Inactivation of mitochondrial MUL1 E3 ubiquitin ligase deregulates mitophagy and prevents diet-induced obesity in mice

Front Mol Biosci. 2024 Apr 25:11:1397565. doi: 10.3389/fmolb.2024.1397565. eCollection 2024.


Obesity is a growing epidemic affecting millions of people worldwide and a major risk factor for a multitude of chronic diseases and premature mortality. Accumulating evidence suggests that mitochondria have a profound role in diet-induced obesity and the associated metabolic changes, but the molecular mechanisms linking mitochondria to obesity remain poorly understood. Our studies have identified a new function for mitochondrial MUL1 E3 ubiquitin ligase, a protein known to regulate mitochondrial dynamics and mitophagy, in the control of energy metabolism and lipogenesis. Genetic deletion of Mul1 in mice impedes mitophagy and presents a metabolic phenotype that is resistant to high-fat diet (HFD)-induced obesity and metabolic syndrome. Several metabolic and lipidomic pathways are perturbed in the liver and white adipose tissue (WAT) of Mul1(-/-) animals on HFD, including the one driven by Stearoyl-CoA Desaturase 1 (SCD1), a pivotal regulator of lipid metabolism and obesity. In addition, key enzymes crucial for lipogenesis and fatty acid oxidation such as ACC1, FASN, AMPK, and CPT1 are also modulated in the absence of MUL1. The concerted action of these enzymes, in the absence of MUL1, results in diminished fat storage and heightened fatty acid oxidation. Our findings underscore the significance of MUL1-mediated mitophagy in regulating lipogenesis and adiposity, particularly in the context of HFD. Consequently, our data advocate the potential of MUL1 as a therapeutic target for drug development in the treatment of obesity, insulin resistance, NAFLD, and cardiometabolic diseases.
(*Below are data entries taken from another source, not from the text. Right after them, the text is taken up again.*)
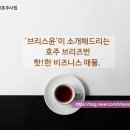 브리스윤서 이미지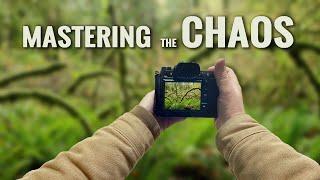 Master the Chaos: #1 Tip for Stunning Woodland Photography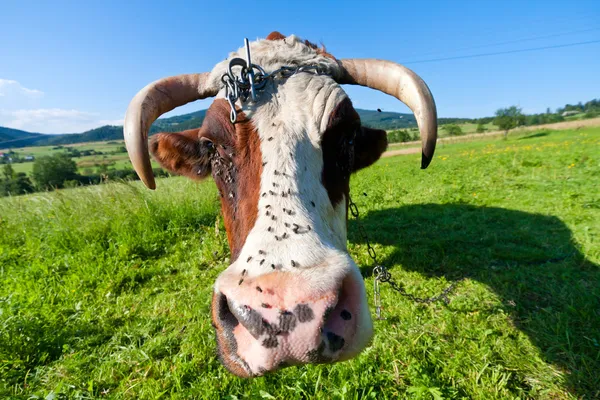 Uma vaca leiteira marrom e branca — Fotografia de Stock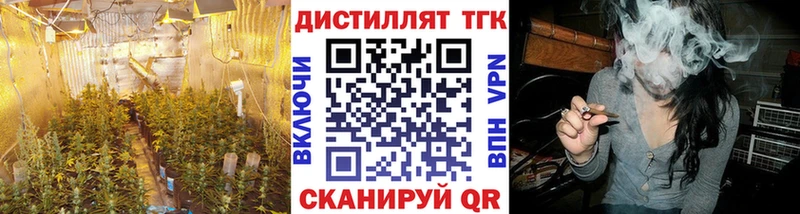 мега ссылки Суворов Дистиллят ТГК THC oil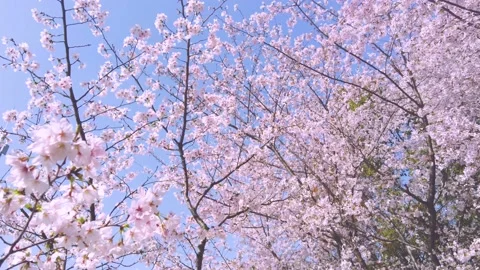 Cherry blossoms Stock Footage 237812771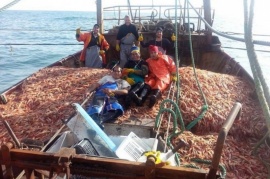 Chubut, rumbo a un récord histórico de pesca de langostino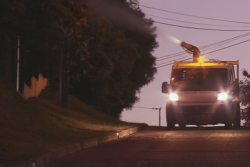 Symptômes, précautions, précédents… Ce qu'il faut savoir pour se prémunir de la dengue en Calédonie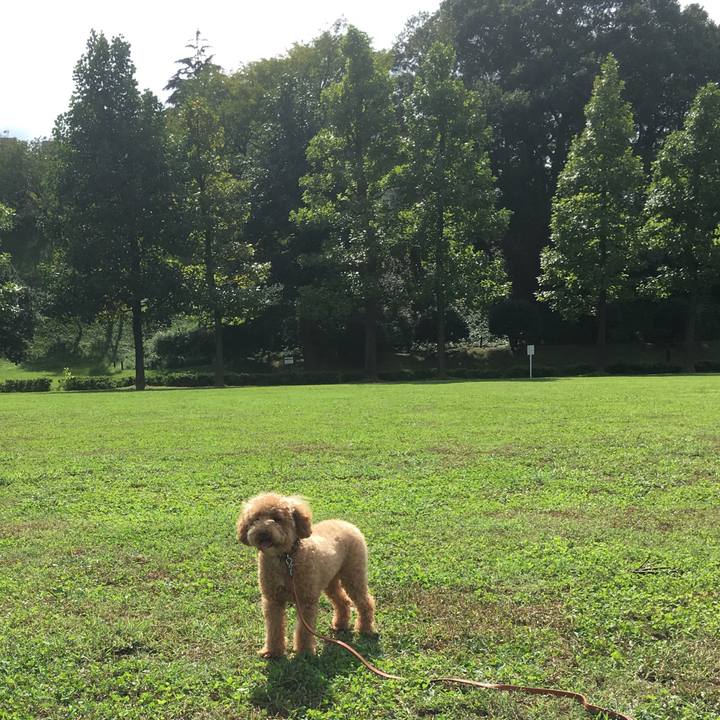 7b3fe4dc faca 4579 b1fb a7121dc375fa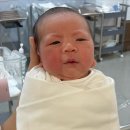 우리산부인과 네이버블로그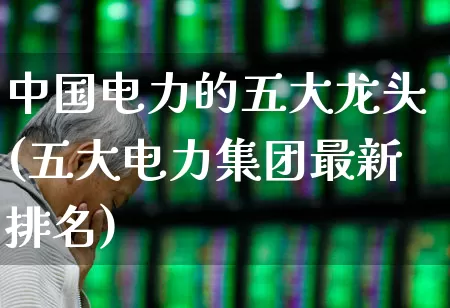 中国电力的五大龙头(五大电力集团最新排名)_https://www.syklpowerbike.com_北交所_第1张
Keywords: MUL1; SCD1; lipogenesis; mitophagy; obesity.

Grants and funding

The author(s) declare financial support was received for the research, authorship, and/or publication of this article. Funding for this work was provided by the Burnett School of Biomedical Science and the UCF College of Medicine to ASZ. MEM acknowledges the support of NIH R01-DK132254. JDG was supported by Fondazione Umberto Veronesi (Italy).